INPUT DATA:
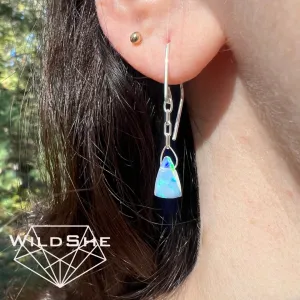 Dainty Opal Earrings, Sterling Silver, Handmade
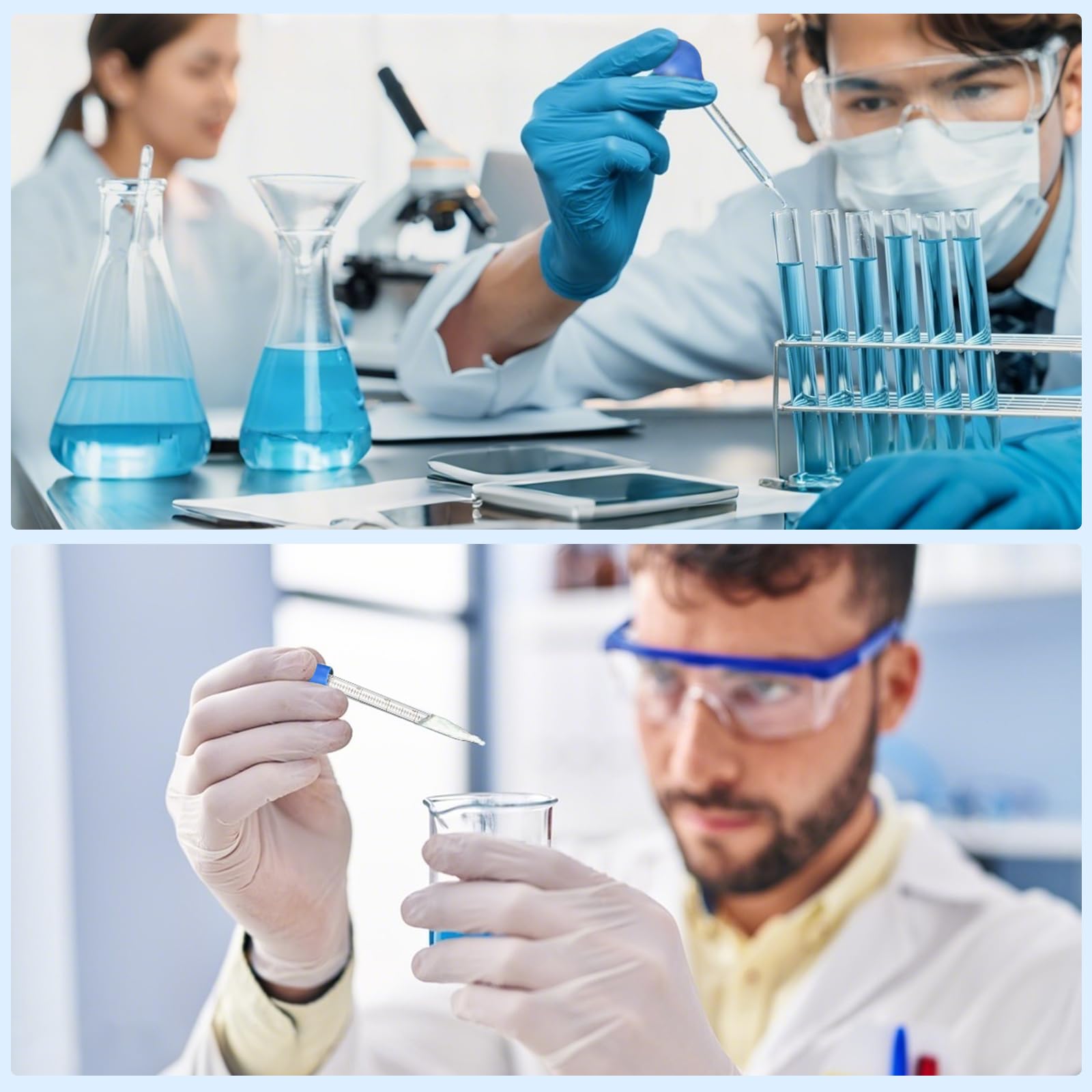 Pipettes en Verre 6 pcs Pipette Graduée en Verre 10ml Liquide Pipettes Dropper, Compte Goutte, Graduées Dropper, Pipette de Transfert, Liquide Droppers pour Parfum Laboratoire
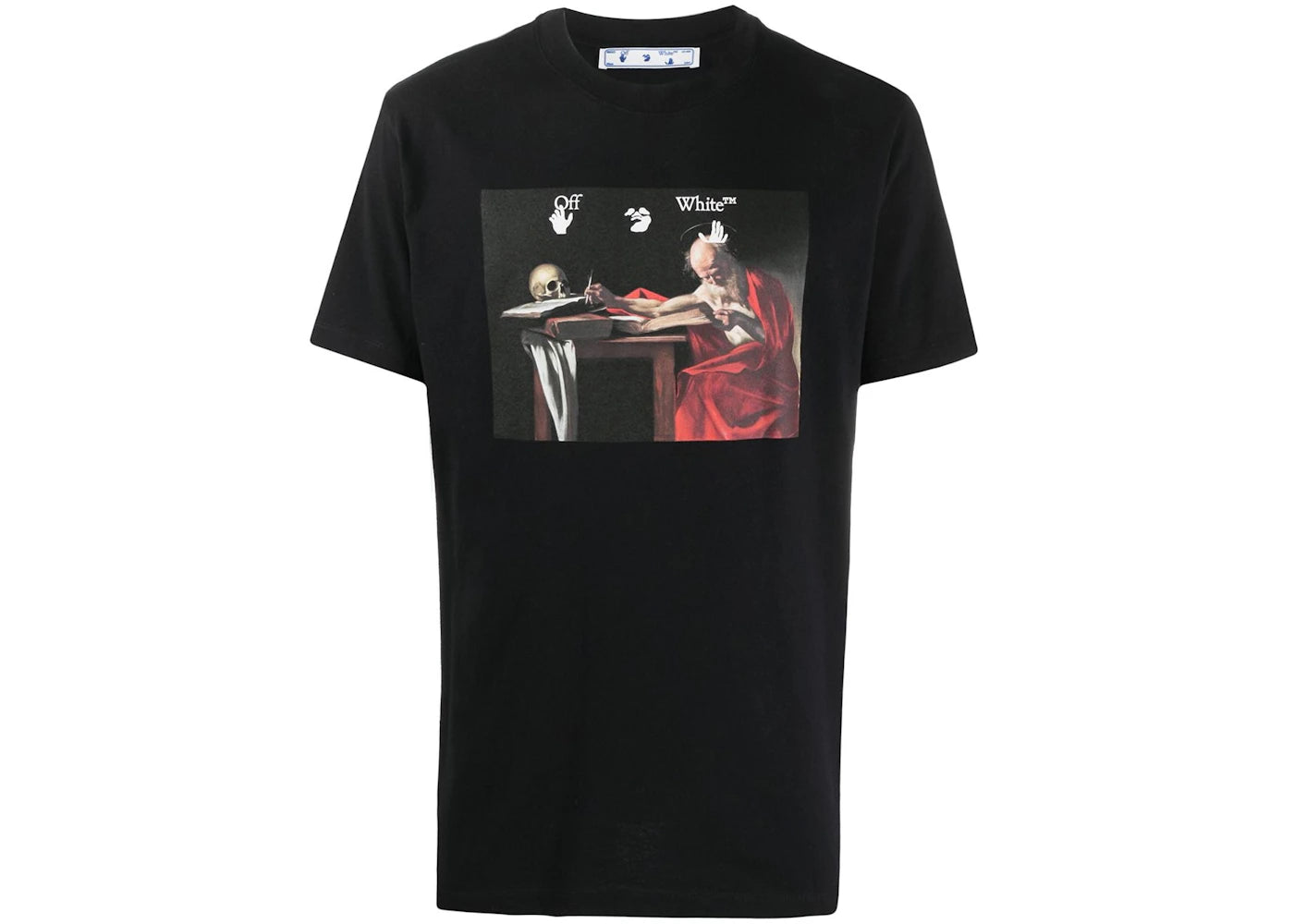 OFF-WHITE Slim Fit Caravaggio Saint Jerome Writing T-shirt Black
==
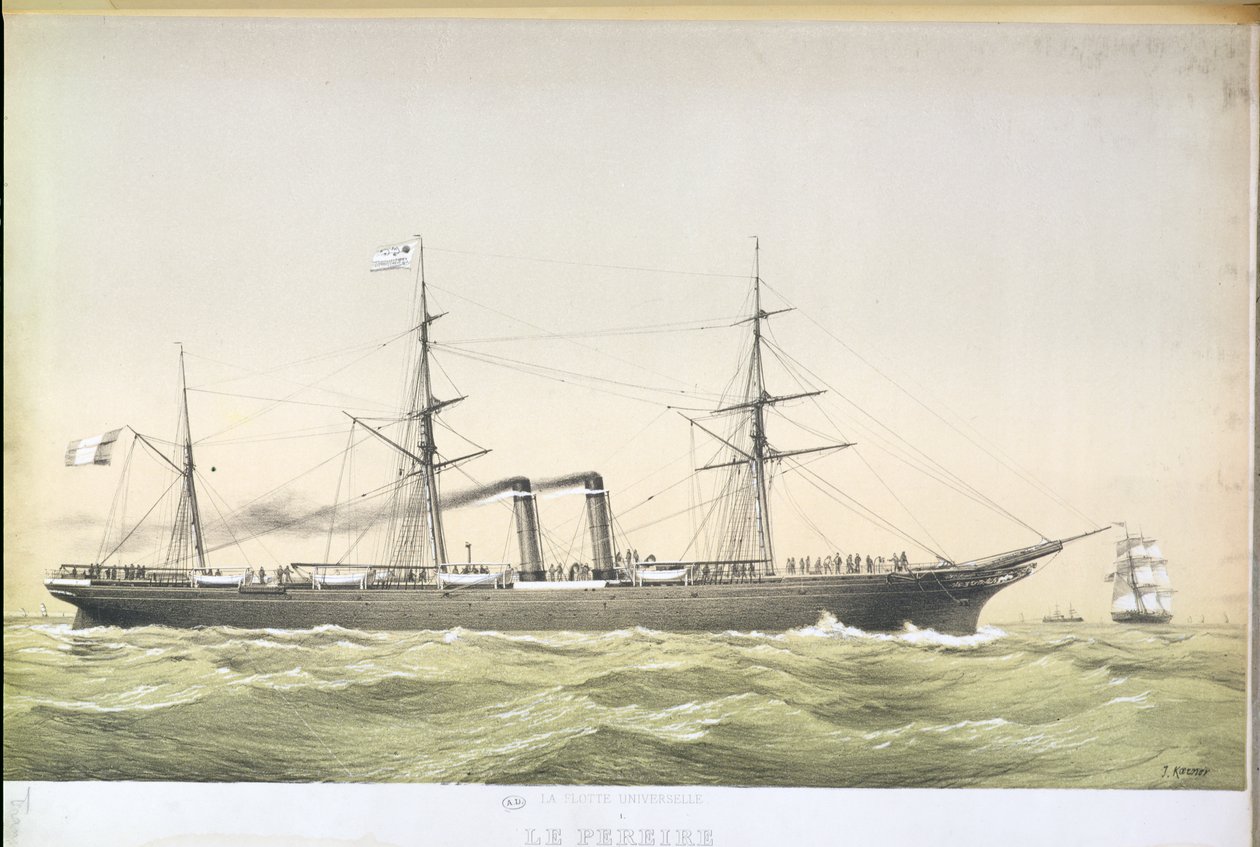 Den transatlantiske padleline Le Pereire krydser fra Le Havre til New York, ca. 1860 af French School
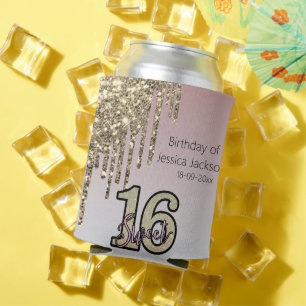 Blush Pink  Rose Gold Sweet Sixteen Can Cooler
==
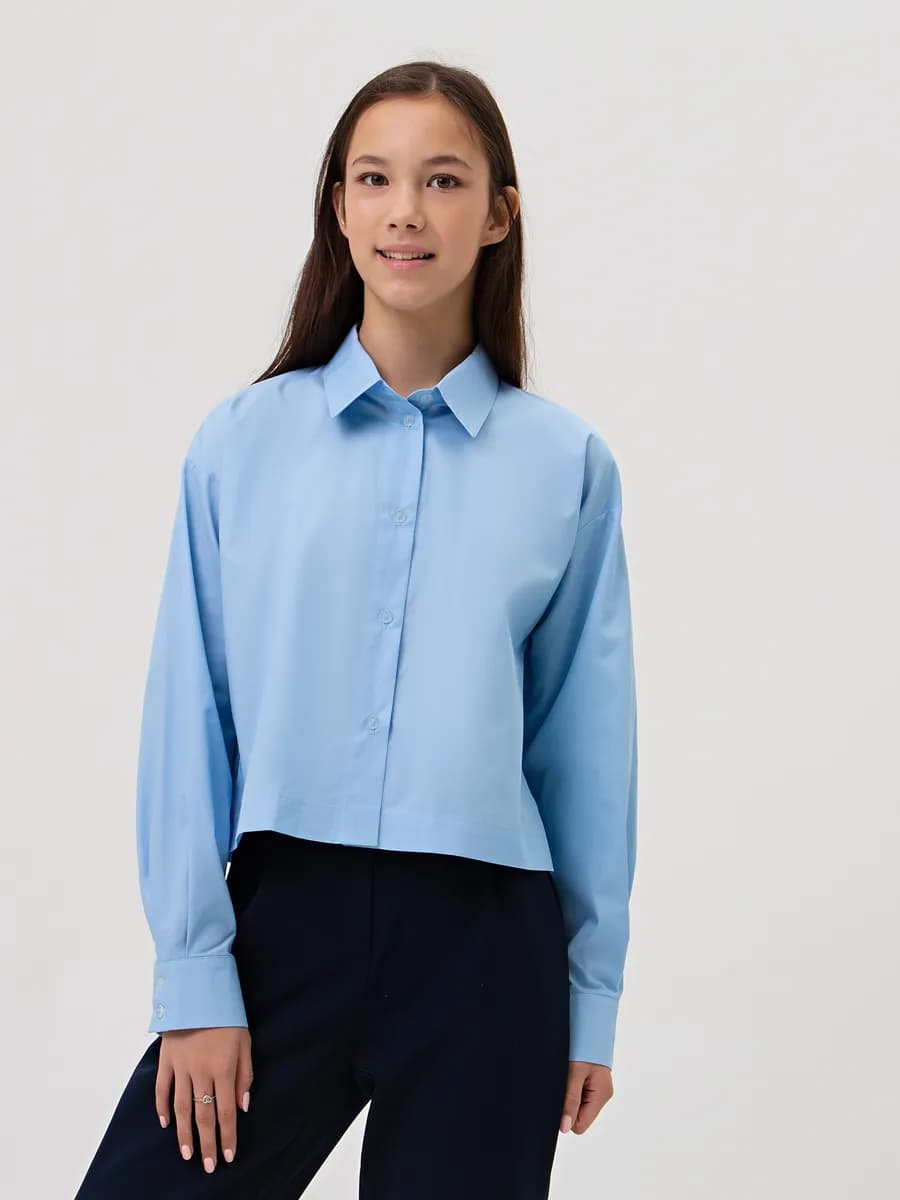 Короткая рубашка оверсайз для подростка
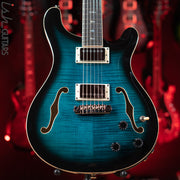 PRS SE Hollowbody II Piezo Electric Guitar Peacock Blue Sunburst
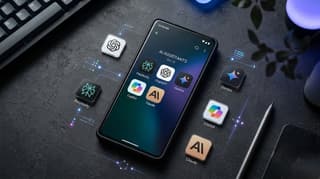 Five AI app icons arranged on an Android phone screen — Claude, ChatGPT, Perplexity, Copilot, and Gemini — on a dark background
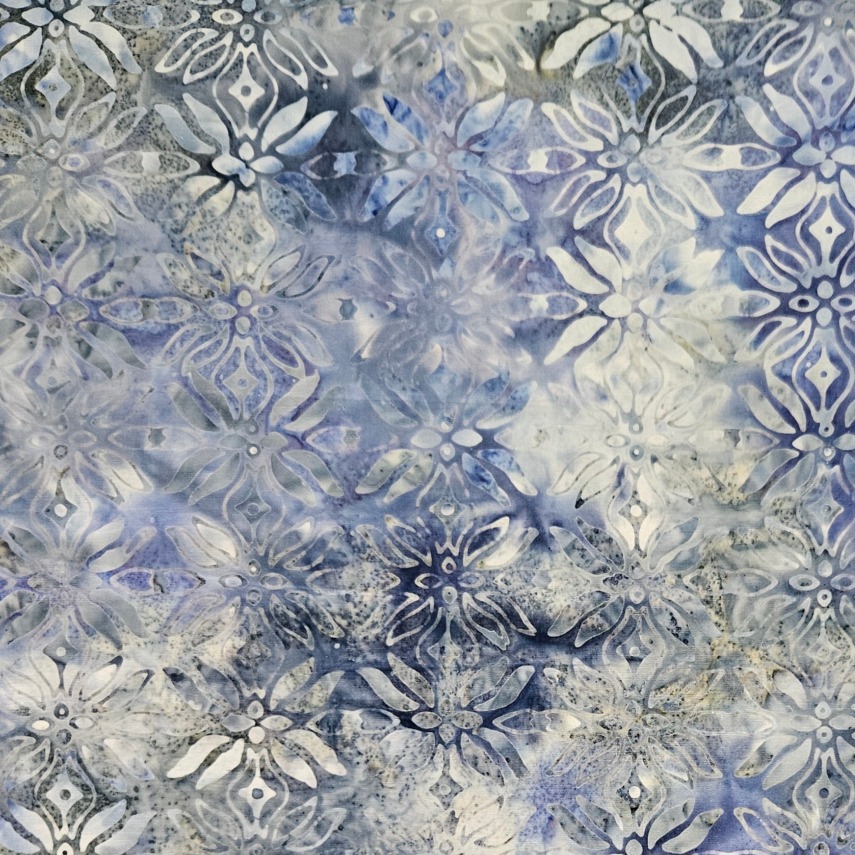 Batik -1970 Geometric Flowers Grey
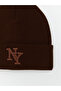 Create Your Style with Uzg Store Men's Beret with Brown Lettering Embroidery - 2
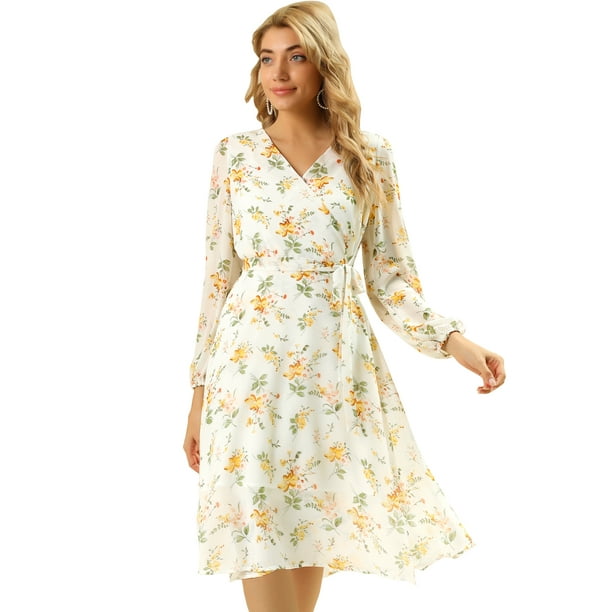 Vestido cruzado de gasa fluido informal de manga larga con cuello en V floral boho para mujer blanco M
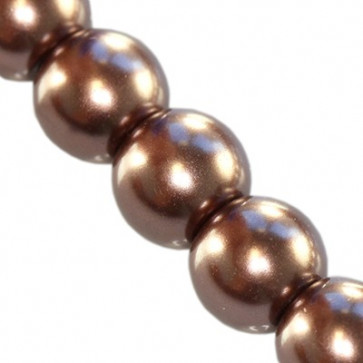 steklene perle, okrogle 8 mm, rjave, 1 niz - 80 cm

WHAT IS BEING ASKED:
Nothing but the lines from the one with "Dainty Opal Earrings, Sterling" up to and including the one with "OFF-WHITE Slim Fit" should be printed, exactly as they read above. Please keep the pictures out.

TASK RESPONSE:
 Dainty Opal Earrings, Sterling Silver, Handmade
 Pipettes en Verre 6 pcs Pipette Graduée en Verre 10ml Liquide Pipettes Dropper, Compte Goutte, Graduées Dropper, Pipette de Transfert, Liquide Droppers pour Parfum Laboratoire
 OFF-WHITE Slim Fit Caravaggio Saint Jerome Writing T-shirt Black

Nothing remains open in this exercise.